I love data. In fact if digital techniques were my family, data analysis would be my favourite child. We all know the importance that data plays in improving conversion rate, helping increase ROI and ensuring campaigns are perfectly targeted. However, we shouldn’t just use data to test if a new technique is working, we should use data to inform us what our next innovation should be.
Let’s take a new website as an example. We could design something which is more in line with a set of brand guidelines and brings a digital product more up to date. Or we could take a step back and identify the users’ needs and design a site around them.
Brand guidelines and best practice don’t specify an understanding of what frustrates your users about a particular website, nor does it provide insight into what devices your customers are using and how they are using your services. Thus, the more we know about users, the more we can meet their needs.
To help with this, I’ve identified the top three ways we can design with data and step away from the Don Draper-style of strategy.
1. Don’t rely solely on web analytics
Tools such as Google Analytics are a great way of getting a quantitate view of how users interact with your digital touchpoints.
However what we don’t get is an understanding of the bigger picture. For instance, how do your customers operate outside of your website? What are their needs? Why are they coming to your site? What are their favourite online experiences? What would they love to see on your website? What other touchpoints do they have with you?

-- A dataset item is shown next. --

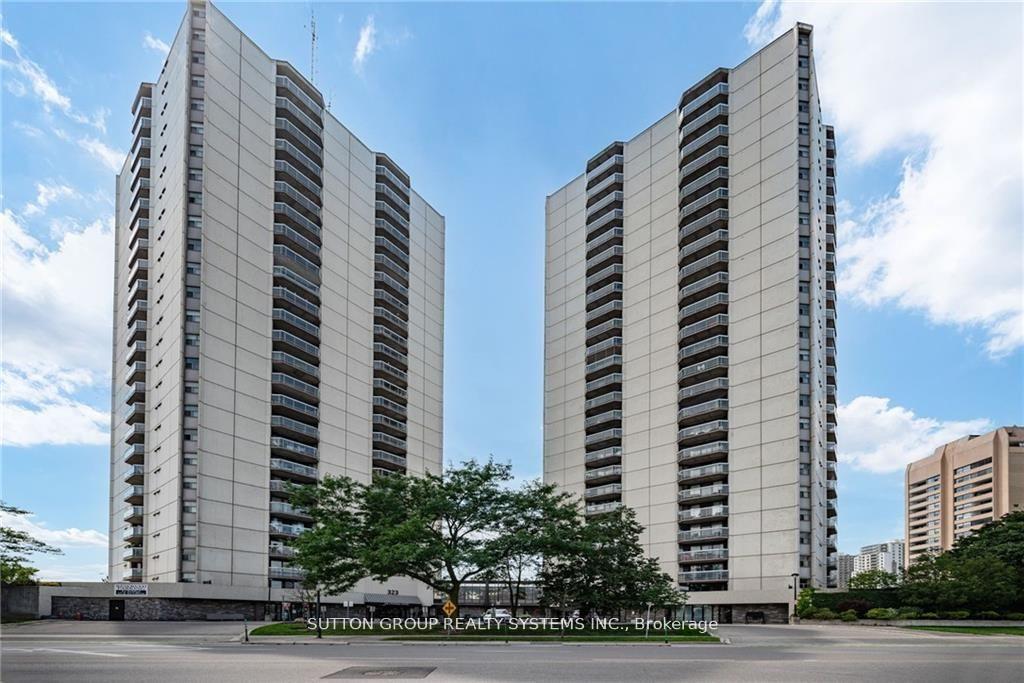 323-colborne-street-london-east-ontario-x13730270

This qualitative data should be intrinsic to your digital planning. It will help create experiences which truly meet the needs of the users, and identify where the main focus of your budget should be targeted.
2. Stop working in silos
Once you’ve spoken to customers, make sure you build on your findings by speaking to your internal teams. Talk to finance and understand the main frustrations and touchpoints they have with your customers. Chat to your customer service team and call centre staff to understand the call types and volumes they get from customers.
These employees are at the front line of customer engagement and will be able to reel off key themes and customer gripes. Go into stores and watch how retail staff interact with customers. All of this information will help you understand the main issues affecting your organisation, and help you put a strategy together to help solve them.
Couple this with the findings of your user testing and you’ll be well on your way to identifying where you should spend your digital budget. After that, all you have to do is …
3. Test, re-test and then test again
Incremental iteration reduces risk. It makes big failures unlikely and turns small mistakes into valuable lessons. Instead of overhauling a website with a whole load of new functionality, take the information that you’ve discovered and identify possible tweaks and updates. It could be a button, it could be a new page, it could be a new area of the site, but let your insight inform these key decisions.
Focus your attention on one area, develop a minimum viable product and then release this as a beta test or prototype. This is where web analytics can come into their own, as you’ll be able to understand the data behind the hypothesis and identify how updates perform against the old functionality. Once you know that your hypothesis worked in action you can put it live to 100% of your customers, or you could refine even more with multivariate testing and user feedback.
Using the above points and by focusing on one area at a time, you’ll be able to pinpoint an uplift in sales or an increase in enquiries down to a single update. This will ensure that your learnings of the customer – both in principle and in practice – is forever evolving.